Requirement:
Would you return the lines that run from the start of the data below to the line with "Earrings For Women-Dangling", both included, exactly as written and without pictures?

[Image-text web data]
=== Begin Enclosure ===
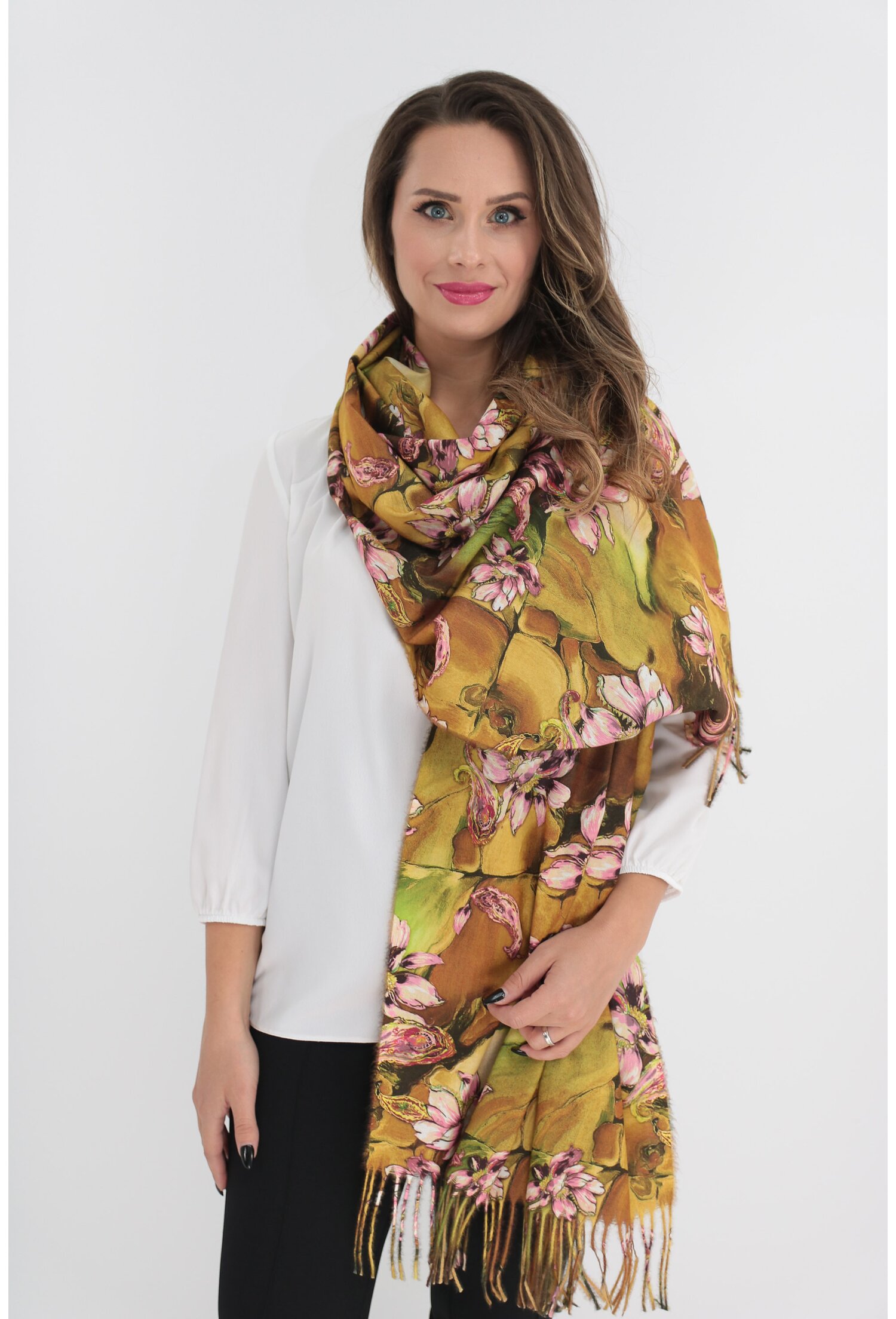 Sal fin mustar din casmir cu print floral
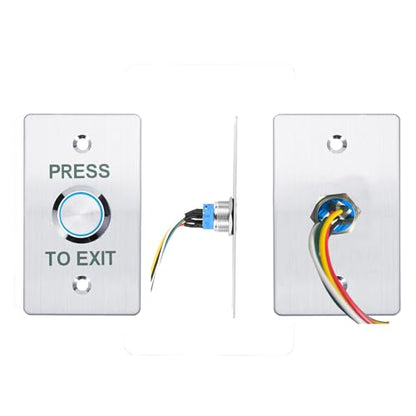 Push to Exit Button，12V DC Push to Exit Switch with LED Light, IP67 Waterproof,NC/NO/COM Outputs, Surface Mount Request-to-Exit Device for Access Control Systems (86X50-B) - color: 86X50-B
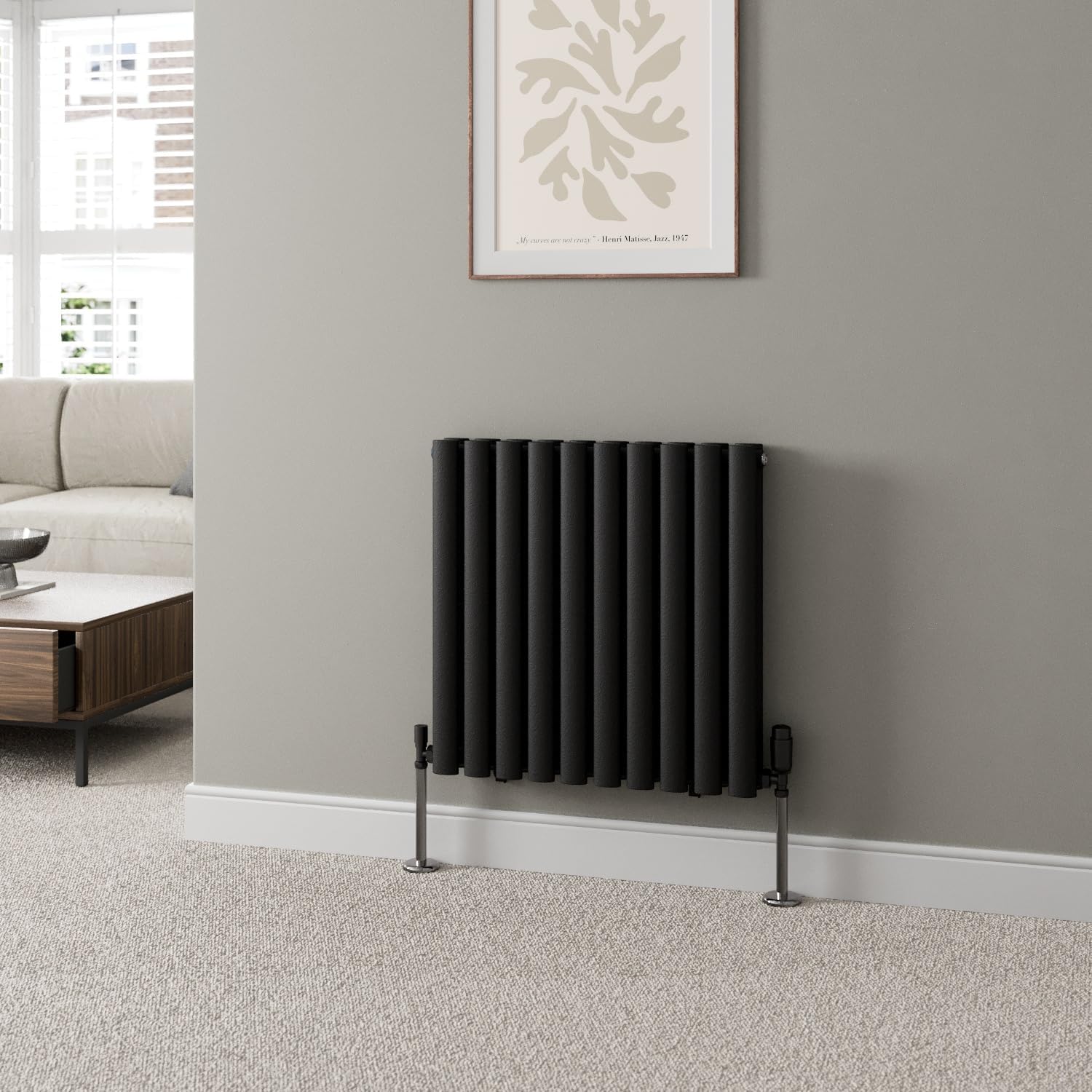 DuraTherm® 600 x 600mm Anthracite Horizontal Designer Radiator Double Column Oval Tube Modern Central Heating Panel Bathroom Radiators.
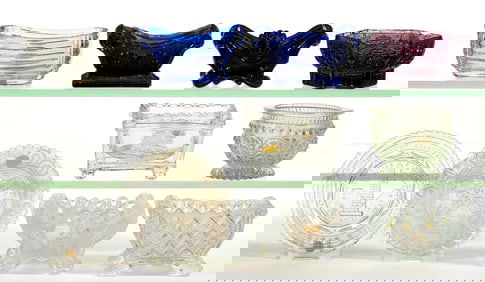 ASSORTED PRESSED AND BLOWN-MOLDED PATTERN OPEN SALTS AND CUP PLATES, LOT OF TEN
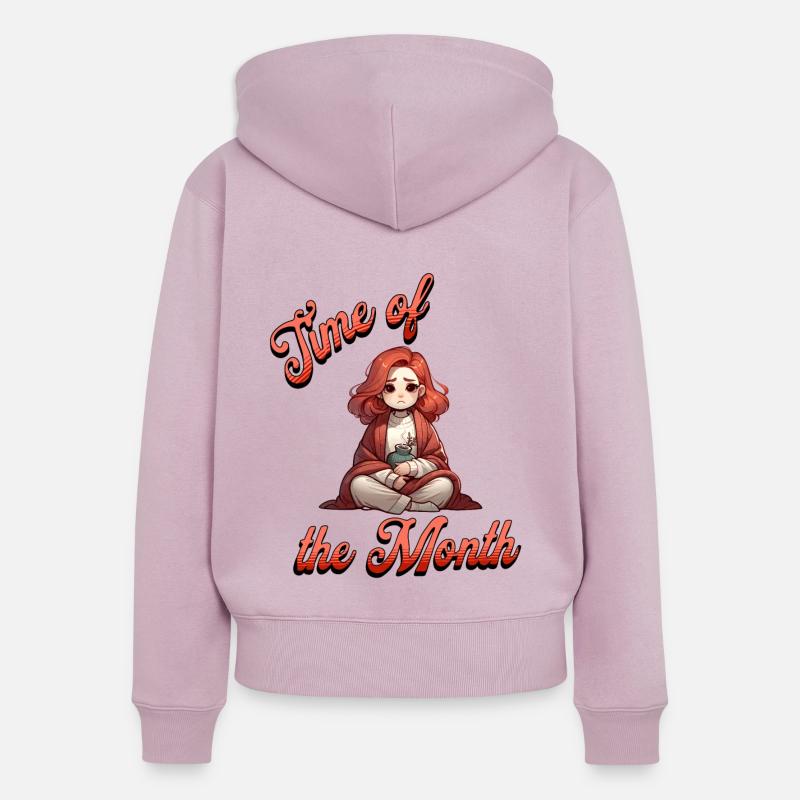 Menstruation : moment du mois Expression - Sweat à capuche zippé Premium bio Femme - rose poudré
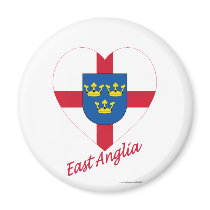 East Anglia Flag Heart with Name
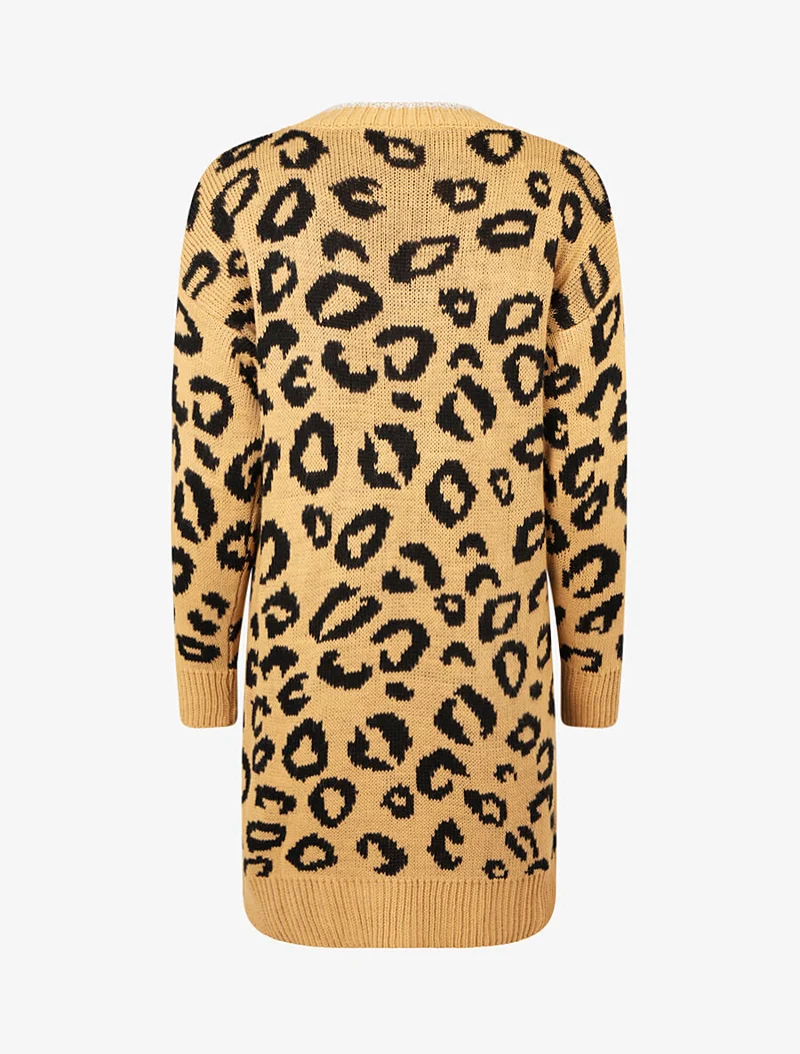Robe pull imprimé léopard abstrait - Camel clair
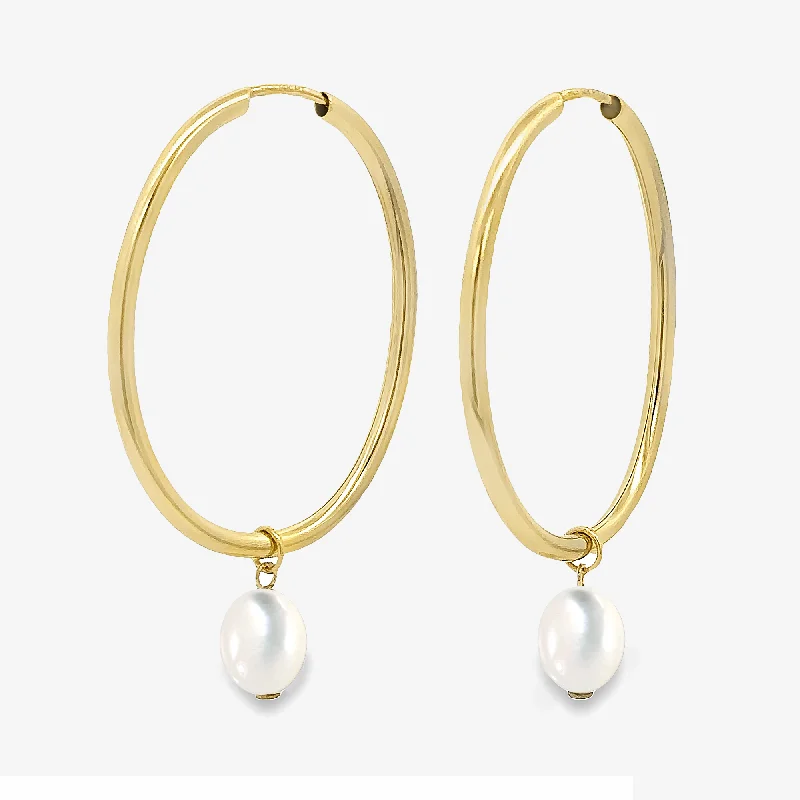 Earrings For Women-Dangling Pearl Hoop Earrings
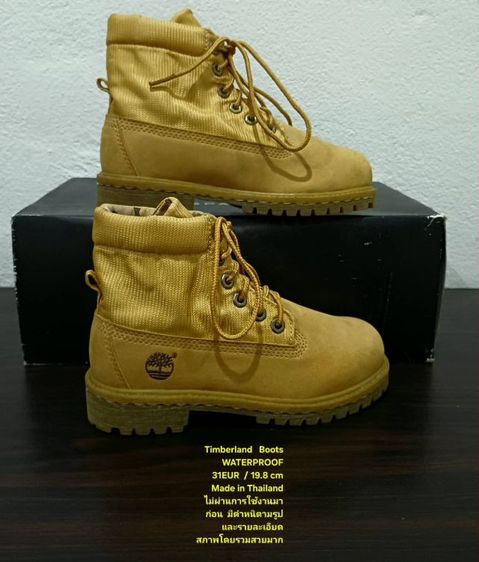 Timberland Boots For Children, Unisex 31EU(19.8cm) ของแท้ มือ 2 สภาพไม่ผ่านการใช้งานมาก่อน, รองเท้า Timberland หนังแท้ มีตำหนิตามรายละเอียด รูปที่ 11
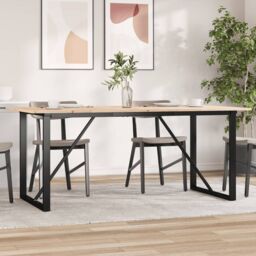 Berkfield Home Dining Table O-Frame 180x90x75 cm Solid Wood Pine & Steel in Brown - Size: 180 x 90 x 75 cm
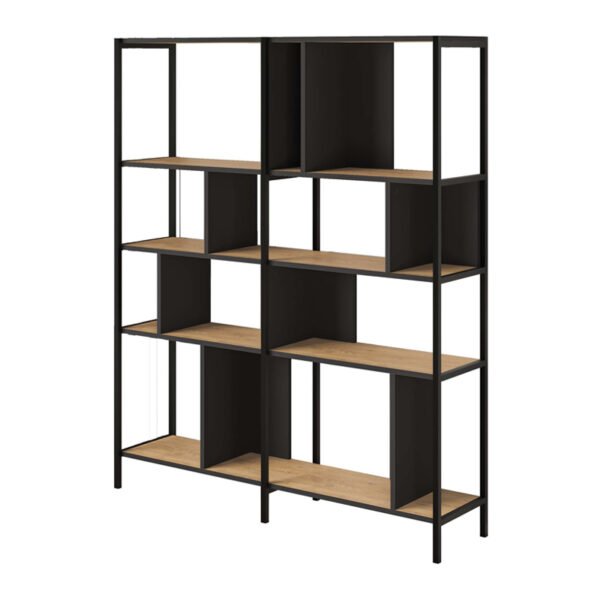 Βιβλιοθήκη Maxi Megapap χρώμα sapphire oak - silky black 144x35x175εκ. - Image 4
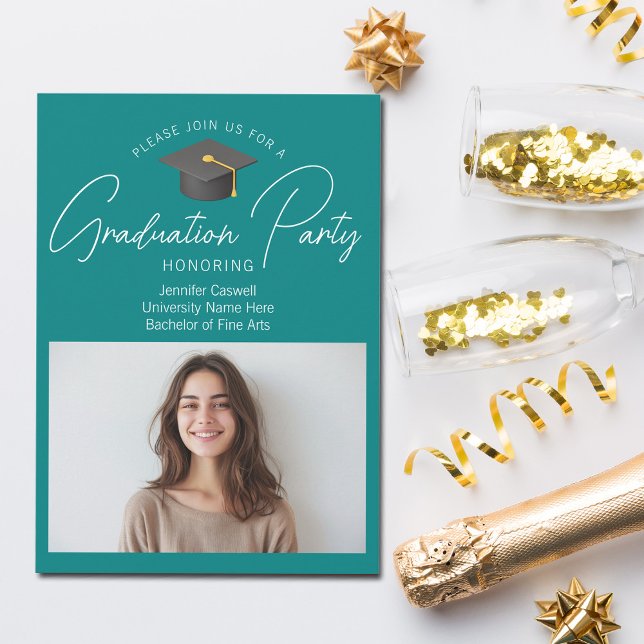 Chic Teal Graduate Photo Graduation Party Invitation (Creator Uploaded)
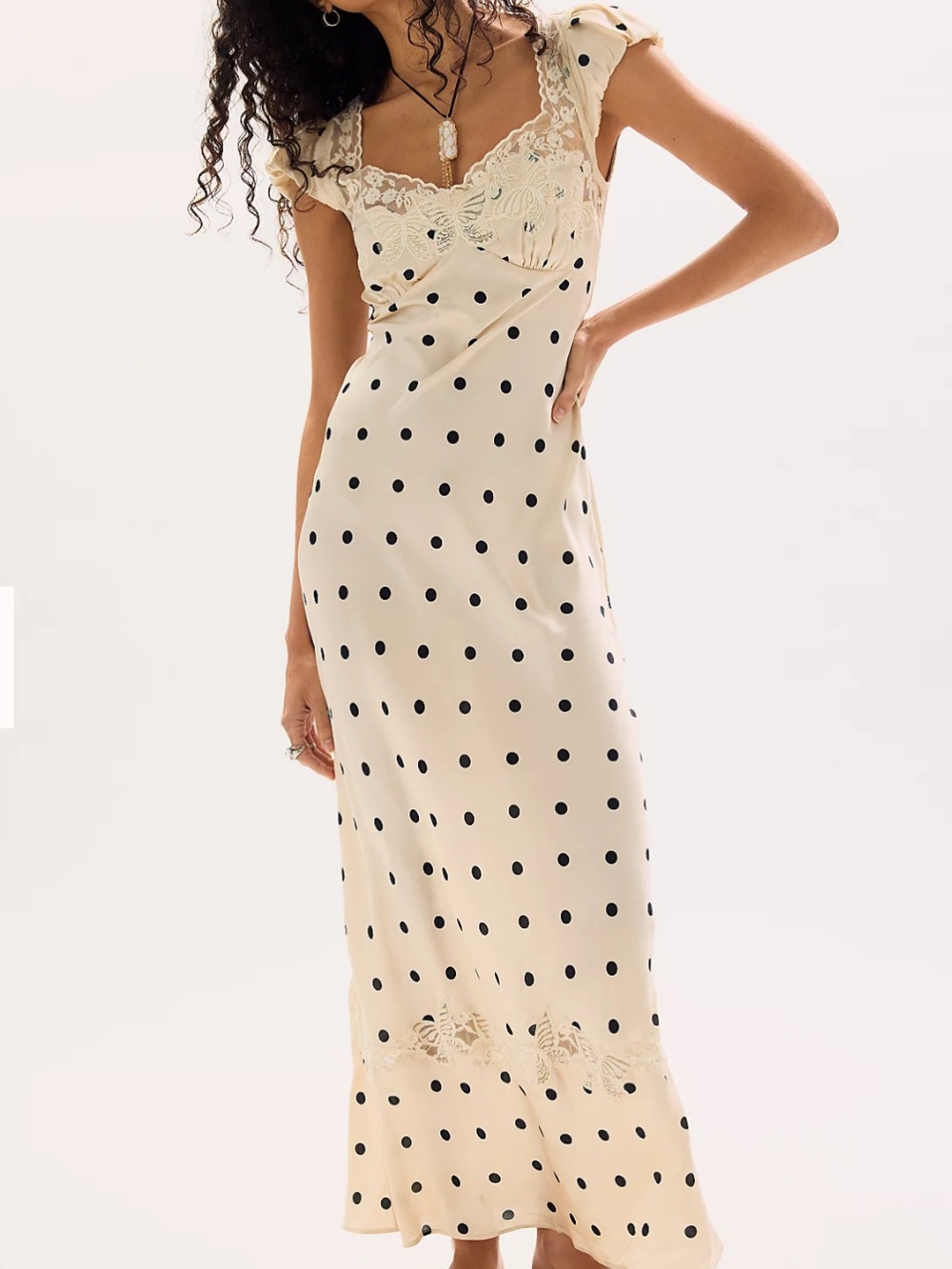 Free People Cream Silk Butterfly Babe Maxi Dress with Black Polka Dots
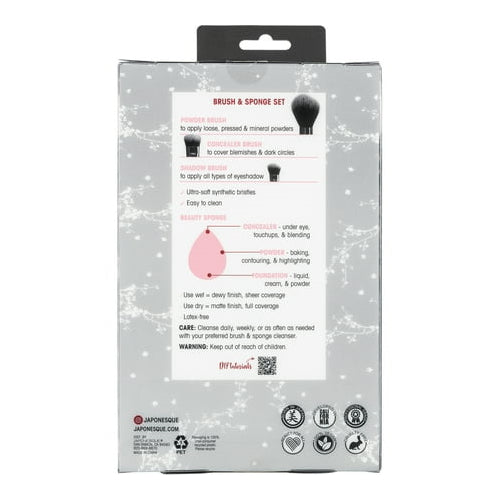 Japonesque Vegan Makeup Eraser Ultimate Blending Brush & Sponge Set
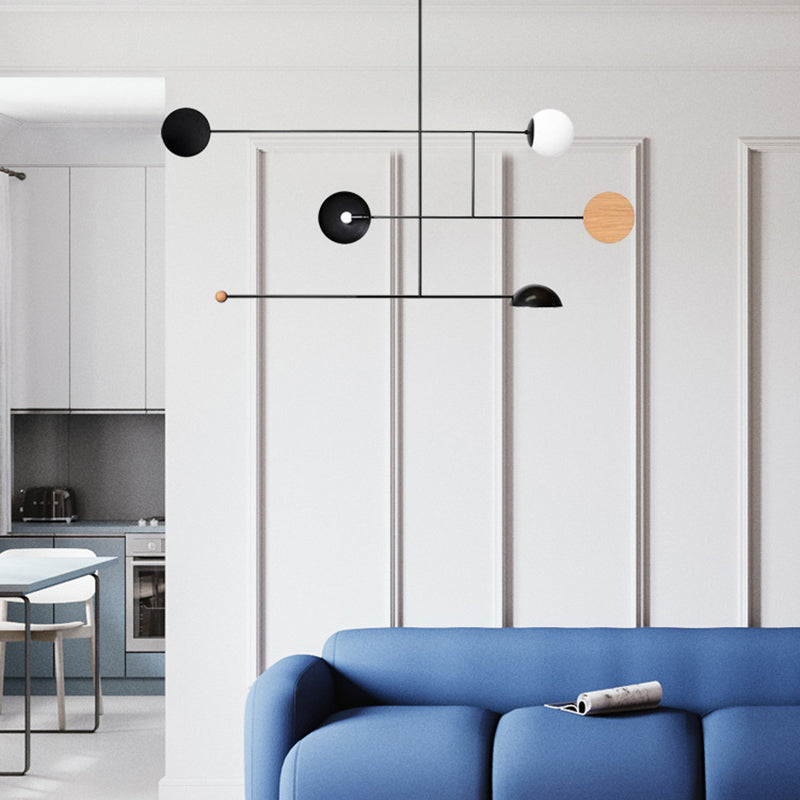 Arisha Minimaliste Suspension LED Ronde, Métal, Noir, Salon/Salle à Manger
=== End Enclosure ===
Expected answer:
 Sal fin mustar din casmir cu print floral
 Push to Exit Button，12V DC Push to Exit Switch with LED Light, IP67 Waterproof,NC/NO/COM Outputs, Surface Mount Request-to-Exit Device for Access Control Systems (86X50-B) - color: 86X50-B
 DuraTherm® 600 x 600mm Anthracite Horizontal Designer Radiator Double Column Oval Tube Modern Central Heating Panel Bathroom Radiators.
 ASSORTED PRESSED AND BLOWN-MOLDED PATTERN OPEN SALTS AND CUP PLATES, LOT OF TEN
 Menstruation : moment du mois Expression - Sweat à capuche zippé Premium bio Femme - rose poudré
 East Anglia Flag Heart with Name
Robe pull imprimé léopard abstrait - Camel clair
 Earrings For Women-Dangling Pearl Hoop Earrings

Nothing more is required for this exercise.